N.B. it is common practice in historical linguistics to use an asterisk to mark an unattested form. Because Proto-Indo-European (PIE) existed in prehistory only, it is not attested; thus PIE forms and phonemes are written here with a preceding asterisks. For Sanskrit, we use the Harvard-Kyoto system of transliteration, as devanAgarI would unfortunately be unreadable to a large class of readers.
Proto-Indo-European had a number of phonemes, the developments of which into Sanskrit (as well as other Indo-European languages) for the most part follow relatively regular patterns.
- Monophthongs: *e, *ee, *o, *oo, *a, *aa (short/long middle front, middle back, and low back)
- Semivowels: *i/*y, *u/*w, *R/*r, *L/*l, *M/*m, *N/*n (Each semivowel has a vocalic (vowel) form, a consonantal form, and a form consisting of the vocalic form plus the consonantal form; which form the phoneme took depended solely on the surrounding phonemic environment. Thus *i/*y was *i between consonants, *y between vowels, and so forth.)
- Diphthongs: any monophthong followed by *i or *u.
In Sanskrit, the PIE labial series developed unmodified, as did the dental series and the sibilant *s. However, in some contexts there were some modifications. For example, PIE palatovelar stops sometimes developed as cerebral (retroflex) stops in Sanskrit, especially before dentals. Similarly, by a rule of sandhi often known as the `RUKI' rule, Sanskrit s (and hence PIE *s) becomes s. (a retroflex sibilant) when directly preceded by r, R, RR, u, U, k, i, or I (including Sanskrit diphthongs such as o, au, e, and ai which end in those vowels). Finally, *bh and *dh developed as h in some Sanskrit dialects; some of these forms eventually gained general use.
The palatovelar system changed significantly more. By the first palatalization (one of the major early events in the developent of the satem languages in the IE family), this series lost most of its velar quality. *k' developed into z, a voiceless palatal sibilant; written ç in Whitney and ś in modern academic transliteration); *g' into j, originally a voiced palatal stop, but eventually becoming something of an affricate; and *g'h into h, a voiced guttural sibilant.
The changes occurring to the labiovelar series were even more complicated, as they were conditional developments. Before PIE front vowels and semivowels (*e, *ee, and *i/*y) they became palatal by what is known as the second palatalization, which is specific to the Indo-Iranian branch of IE. That is, before *e, *ee, or *i/*y, *kw became c (a voiceless palatal stop, becoming later a voiceless palatal affricate); *gw became j; and *gwh became h. However, before other sounds, the labiovelars lost their labial quality and became velar stops (k, g, and gh).

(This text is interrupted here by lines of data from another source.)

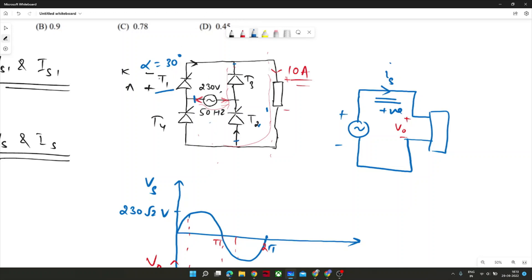If T1 and T2 are conducting, the current direction would be as shown. This recording session will be uploaded to the YouTube channel and the NPTEL GATE website, so students with connectivity issues can access it from there.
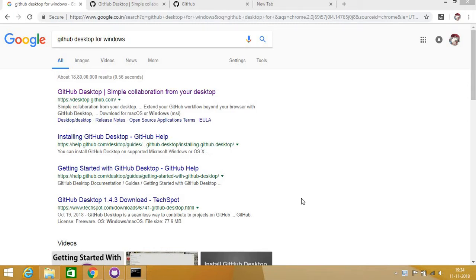Dear friends, in this episode we will be talking about GitHub, GitHub Desktop, and how to use a GitHub account to create a repository. I am talking about everything with respect to a Windows desktop.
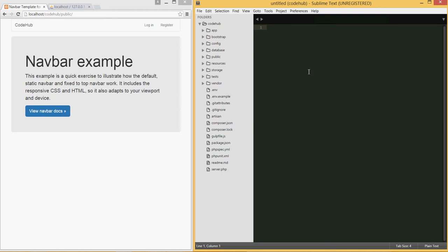Hello guys, welcome to our ninth Laravel CodeHub tutorial. In this tutorial we're going to be handling the logic for storing the post when people click post — it's going to be stored in our database. Let's go ahead and get started.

Other developments alter further still Sanskrit phonemics. For example, Grassman's Law (which also applies to other languages, such as Greek) states that a syllable-initial aspirate becomes unaspirated if followed in the same syllable or at the beginning of the next syllable by another aspirate. Thus PIE *bheudh- `to be awake or aware' developed into the Sanskrit root budh-, from which buddha `awakened'. In addition, the Sanskrit voiceless aspirates may come from PIE laryngeals, the existence of which is still under debate.
The resonants followed much simpler rules of developments. All the PIE monophthongs (*e, *a, *o, and the long versions of these) developed into Sanskrit a or aa, depending on their length. PIE semivowels were more varied: *i/*y and *u/*w developed more or less unchanged (into i, y, u, and v; later processes gave i and u long forms), *R and *L developed into R, *r and *l into r, *M and *N into a, *m into m, and *n into n.
Diphthongs developed as we would expect from the monophthong and semivowel developments and sandhi. *ai, *ei, and *oi all became e (ay before vowels); *aai, *eei, and *ooi became ai (Ay before vowels); *au, *eu, and *ou became o (av before vowels); and *aau, *eeu, and *oou became au (Av before vowels). By a development known as the Silver-Edgerton phenomenon, the vocalic+consonant of the semivowels *r and *l (that is, *Rr and *Ll) became ir or ur and il or ul.
Later developments within the Indo-Iranian language group present further evolution of Sanskit (and, later, Prakrits and the entire modern Indic language family). These developments, however, are outside the scope of this node. Also outside the scope of this node are the ways the evolution of Sanskrit's phonology affected its morphology---a topic for the as-yet-unwritten node `development of the Sanskrit morphological system'.